Washington: Researchers have claimed that "fast radio bursts", lasting for only a thousandth of a second, may be coming from within our own galaxy, and not from galaxies billions of light-years away as previously believed.

Lead author Avi Loeb of the Harvard-Smithsonian Center for Astrophysics (CfA), said that they propose that fast radio bursts aren`t as exotic as astronomers first thought.

A detailed analysis of the bursts showed that the pulses passed through a large column of electrons on their way to Earth. If those electrons were spread out across intergalactic space, then the pulses must have crossed billions of light-years.

As a result, they would have to come from extremely energetic events.

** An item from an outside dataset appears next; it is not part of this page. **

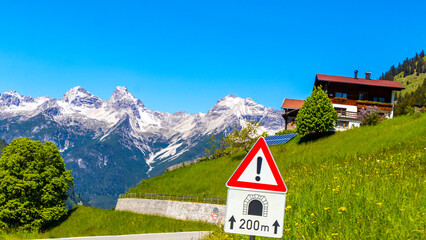 Alm Huts with mountain views tunnel road sign Austria. © Arkadi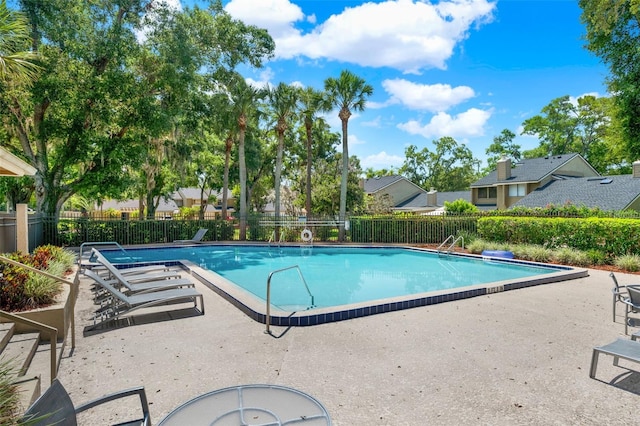 8248 Limetree Ct, Orlando, FL 32836 - community pool with a patio area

Gamma-ray bursts don`t produce the right radio frequencies, so astronomers looked to other extreme events like the collapse of a neutron star into a black hole.

Loeb and his colleagues reasoned that if the bursts came from a closer location, within the Milky Way galaxy, then they wouldn`t require as much energy. The explanation could be more mundane.

To test their theory Loeb and his colleagues searched the locations of three fast radio bursts to look for variable stars, using the telescopes at Tel-Aviv University`s Wise Observatory, in Israel.

They discovered a contact binary system in one location. The binary consists of two Sun-like stars orbiting each other every 7.8 hours. They are located about 2,600 light-years from Earth. Statistics of stars across the observed field of view show that there is less than a 5 percent chance that the binary star is in the right place by coincidence.